• **What the task requires**:
Below are the records; copy exactly the stretch from the line containing "Rolex Lady Date" through the line containing "4-Step Pool Entry", both ends included, and nothing else.

• **Provided entries**:
[Start of Attachment]

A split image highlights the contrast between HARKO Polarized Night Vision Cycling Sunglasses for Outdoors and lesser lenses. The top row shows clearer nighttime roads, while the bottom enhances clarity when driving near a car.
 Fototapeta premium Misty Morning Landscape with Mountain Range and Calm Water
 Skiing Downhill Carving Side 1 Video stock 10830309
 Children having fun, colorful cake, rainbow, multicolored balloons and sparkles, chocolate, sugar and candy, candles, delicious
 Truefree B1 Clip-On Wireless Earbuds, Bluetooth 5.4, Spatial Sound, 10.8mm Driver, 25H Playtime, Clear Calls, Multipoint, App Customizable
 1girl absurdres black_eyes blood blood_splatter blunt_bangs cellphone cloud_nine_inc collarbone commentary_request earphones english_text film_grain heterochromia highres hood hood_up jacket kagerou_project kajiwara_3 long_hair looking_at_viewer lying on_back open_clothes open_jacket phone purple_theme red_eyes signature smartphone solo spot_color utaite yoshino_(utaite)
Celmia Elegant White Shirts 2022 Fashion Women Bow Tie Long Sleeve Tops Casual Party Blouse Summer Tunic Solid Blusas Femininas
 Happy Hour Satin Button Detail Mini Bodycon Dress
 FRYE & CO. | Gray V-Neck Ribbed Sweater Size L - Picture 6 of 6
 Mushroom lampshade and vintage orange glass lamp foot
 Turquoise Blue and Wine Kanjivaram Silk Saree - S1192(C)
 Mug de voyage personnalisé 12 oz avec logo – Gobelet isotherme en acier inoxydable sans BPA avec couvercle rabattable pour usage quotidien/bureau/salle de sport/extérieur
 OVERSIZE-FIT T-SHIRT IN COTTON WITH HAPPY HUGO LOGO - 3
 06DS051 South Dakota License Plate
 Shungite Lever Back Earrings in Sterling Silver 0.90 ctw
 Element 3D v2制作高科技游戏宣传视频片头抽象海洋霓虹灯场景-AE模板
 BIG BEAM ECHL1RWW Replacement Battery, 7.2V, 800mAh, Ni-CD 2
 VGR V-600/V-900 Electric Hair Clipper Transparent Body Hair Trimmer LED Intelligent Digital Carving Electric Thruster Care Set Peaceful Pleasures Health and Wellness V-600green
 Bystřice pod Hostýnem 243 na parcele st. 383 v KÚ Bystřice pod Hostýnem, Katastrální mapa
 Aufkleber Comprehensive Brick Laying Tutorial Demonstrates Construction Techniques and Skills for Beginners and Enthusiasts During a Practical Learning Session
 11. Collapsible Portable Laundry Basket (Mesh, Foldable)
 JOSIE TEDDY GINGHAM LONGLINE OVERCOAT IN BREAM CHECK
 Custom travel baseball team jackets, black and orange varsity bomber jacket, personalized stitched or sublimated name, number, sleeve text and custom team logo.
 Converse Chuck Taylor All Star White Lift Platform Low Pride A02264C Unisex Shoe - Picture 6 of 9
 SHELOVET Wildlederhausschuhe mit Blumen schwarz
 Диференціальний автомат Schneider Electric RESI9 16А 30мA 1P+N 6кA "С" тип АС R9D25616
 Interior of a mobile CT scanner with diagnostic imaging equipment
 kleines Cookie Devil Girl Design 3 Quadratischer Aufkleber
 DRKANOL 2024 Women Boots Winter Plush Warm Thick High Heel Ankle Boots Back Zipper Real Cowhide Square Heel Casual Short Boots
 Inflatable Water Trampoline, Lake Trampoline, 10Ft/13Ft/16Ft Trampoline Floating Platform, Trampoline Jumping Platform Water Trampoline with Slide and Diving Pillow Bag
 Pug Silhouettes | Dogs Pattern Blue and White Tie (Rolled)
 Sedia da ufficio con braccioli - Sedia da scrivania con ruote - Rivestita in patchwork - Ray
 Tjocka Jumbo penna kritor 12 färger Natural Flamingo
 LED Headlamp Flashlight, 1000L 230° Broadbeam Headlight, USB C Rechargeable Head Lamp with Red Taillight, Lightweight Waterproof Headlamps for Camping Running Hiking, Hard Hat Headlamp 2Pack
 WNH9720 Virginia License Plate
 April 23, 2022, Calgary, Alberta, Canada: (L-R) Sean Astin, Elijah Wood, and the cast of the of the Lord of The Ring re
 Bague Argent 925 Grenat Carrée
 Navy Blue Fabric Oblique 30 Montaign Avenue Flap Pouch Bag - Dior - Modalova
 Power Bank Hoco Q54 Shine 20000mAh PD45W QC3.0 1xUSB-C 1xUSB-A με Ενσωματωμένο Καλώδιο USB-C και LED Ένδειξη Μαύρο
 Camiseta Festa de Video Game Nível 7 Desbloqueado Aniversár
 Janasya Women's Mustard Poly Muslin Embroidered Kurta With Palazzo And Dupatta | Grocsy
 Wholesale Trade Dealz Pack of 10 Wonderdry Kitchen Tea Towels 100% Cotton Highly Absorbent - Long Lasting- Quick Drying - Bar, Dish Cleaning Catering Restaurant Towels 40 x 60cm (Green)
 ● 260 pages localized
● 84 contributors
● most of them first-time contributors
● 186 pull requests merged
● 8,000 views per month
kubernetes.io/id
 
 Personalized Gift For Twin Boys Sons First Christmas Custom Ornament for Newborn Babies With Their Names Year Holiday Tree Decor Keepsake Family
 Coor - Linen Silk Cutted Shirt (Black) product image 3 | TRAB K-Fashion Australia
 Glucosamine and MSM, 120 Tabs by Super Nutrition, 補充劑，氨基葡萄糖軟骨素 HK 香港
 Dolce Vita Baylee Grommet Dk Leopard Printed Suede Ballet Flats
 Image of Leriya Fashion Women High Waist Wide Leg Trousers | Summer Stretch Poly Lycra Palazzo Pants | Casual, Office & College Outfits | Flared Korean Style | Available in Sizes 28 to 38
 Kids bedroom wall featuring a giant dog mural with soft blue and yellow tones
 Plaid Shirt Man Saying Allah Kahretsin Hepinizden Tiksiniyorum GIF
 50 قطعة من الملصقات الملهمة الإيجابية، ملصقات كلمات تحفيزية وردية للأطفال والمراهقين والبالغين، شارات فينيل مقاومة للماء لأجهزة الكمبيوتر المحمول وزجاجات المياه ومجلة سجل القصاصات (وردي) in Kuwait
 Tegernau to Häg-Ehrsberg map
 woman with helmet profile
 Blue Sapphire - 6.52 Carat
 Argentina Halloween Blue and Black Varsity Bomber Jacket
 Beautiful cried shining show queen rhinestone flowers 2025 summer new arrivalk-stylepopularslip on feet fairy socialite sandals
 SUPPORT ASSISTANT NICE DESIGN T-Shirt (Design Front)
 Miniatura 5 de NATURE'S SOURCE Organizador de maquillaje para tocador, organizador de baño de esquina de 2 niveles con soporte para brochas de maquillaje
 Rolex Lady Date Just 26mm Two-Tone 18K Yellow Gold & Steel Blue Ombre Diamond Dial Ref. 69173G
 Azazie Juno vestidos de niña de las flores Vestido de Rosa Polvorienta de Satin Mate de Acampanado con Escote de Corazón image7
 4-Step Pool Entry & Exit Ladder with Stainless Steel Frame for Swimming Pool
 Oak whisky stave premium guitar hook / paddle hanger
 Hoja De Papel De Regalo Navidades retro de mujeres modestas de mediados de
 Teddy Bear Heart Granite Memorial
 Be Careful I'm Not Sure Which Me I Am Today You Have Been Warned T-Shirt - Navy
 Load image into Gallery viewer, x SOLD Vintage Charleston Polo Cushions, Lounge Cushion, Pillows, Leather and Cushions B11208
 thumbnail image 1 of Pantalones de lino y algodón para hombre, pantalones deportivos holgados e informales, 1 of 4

[End of Attachment]

• **Answer to the problem**:
 Rolex Lady Date Just 26mm Two-Tone 18K Yellow Gold & Steel Blue Ombre Diamond Dial Ref. 69173G
 Azazie Juno vestidos de niña de las flores Vestido de Rosa Polvorienta de Satin Mate de Acampanado con Escote de Corazón image7
 4-Step Pool Entry & Exit Ladder with Stainless Steel Frame for Swimming Pool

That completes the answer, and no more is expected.